I have not long been settled when the sun fades behind a thickening blanket of cloud, heralding the approach of another squally shower. At first the smooth surface of the river reveals just a few spots of rain but then, increasingly, the ripples coalesce as the rain’s intensity increases. With several layers of clothing, including a goose-down jacket and a waterproof, I will be dry enough but I hunch forward, drawing my legs up to protect my camera bag. From under my hood I still have a good view and watch the approach of a male Muntjac. He has not seen me, or if he has, he has mistaken me for a large grey mass, perhaps a rock or unmoving pile of decomposing vegetation. It is wonderful to be able to watch unseen, the deer browsing intermittently as it passes by just a few feet from me.

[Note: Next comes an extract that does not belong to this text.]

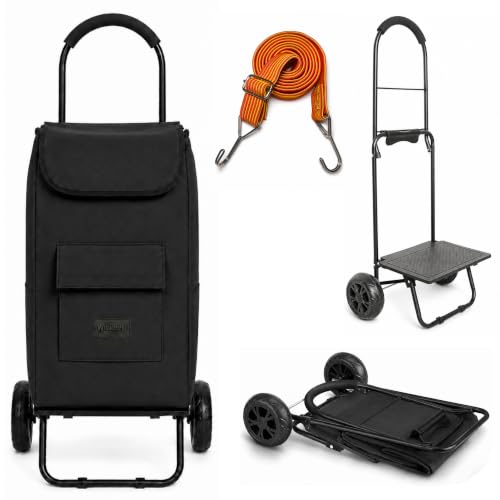 Shopping Cart, Super Loading Grocery Trolley, 220 lbs Capacity, Foldable Cart with Extra Large Black Shopping Bag Portable Grocery Utility Cart With Adjustable Bungee Cord - color: Black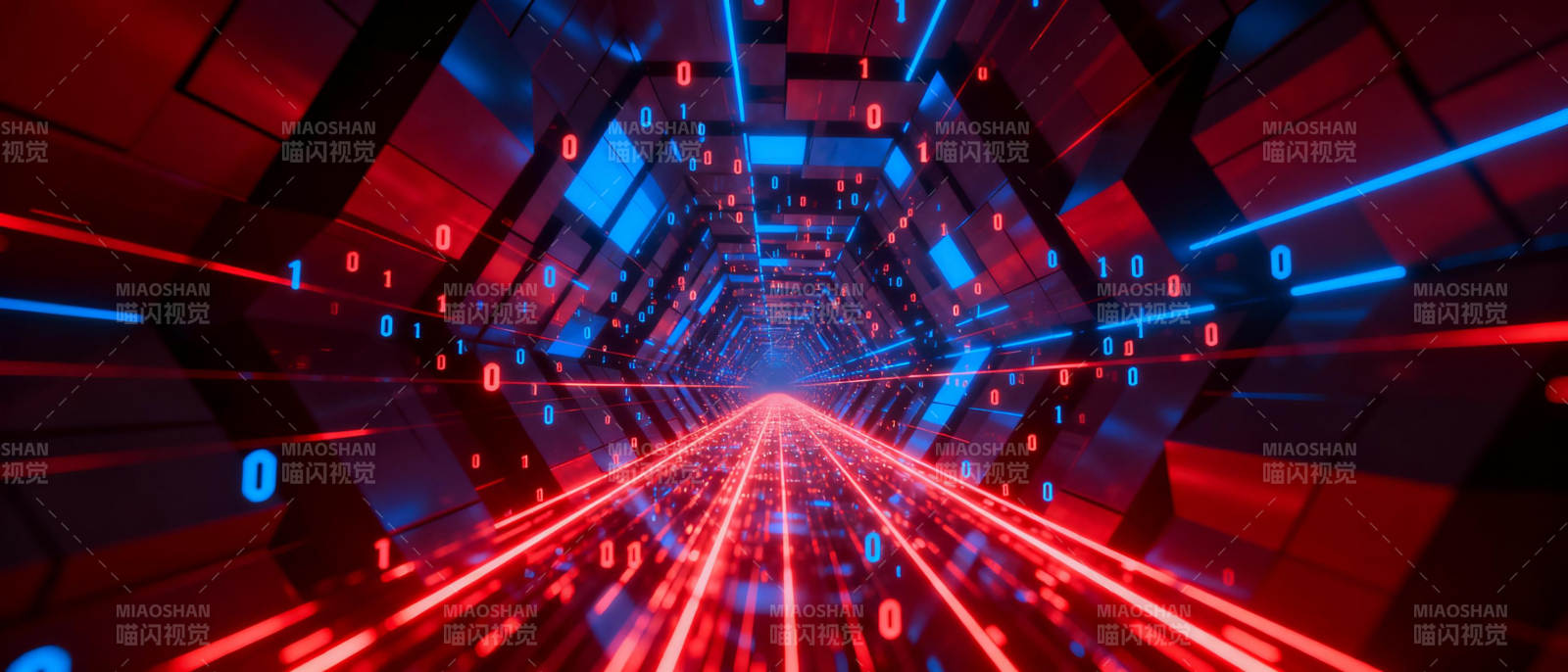 数字隧道光速前行图片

The rain strengthens further, becoming a rush of hail, noisy on my hood and reducing the visibility such that I lose sight of the Muntjac. Just as quickly as it arrived so the hail halts and, soon after, the rain too. A Grey Heron drifts in on broad wings; legs held below it drops to the opposite bank. It seems unsure but I cannot tell if it is my presence or the fact that there is no obvious route for it to take into the water, such is the growth of emergent bankside vegetation. The heron lifts itself away with strong strokes and the river is mine alone.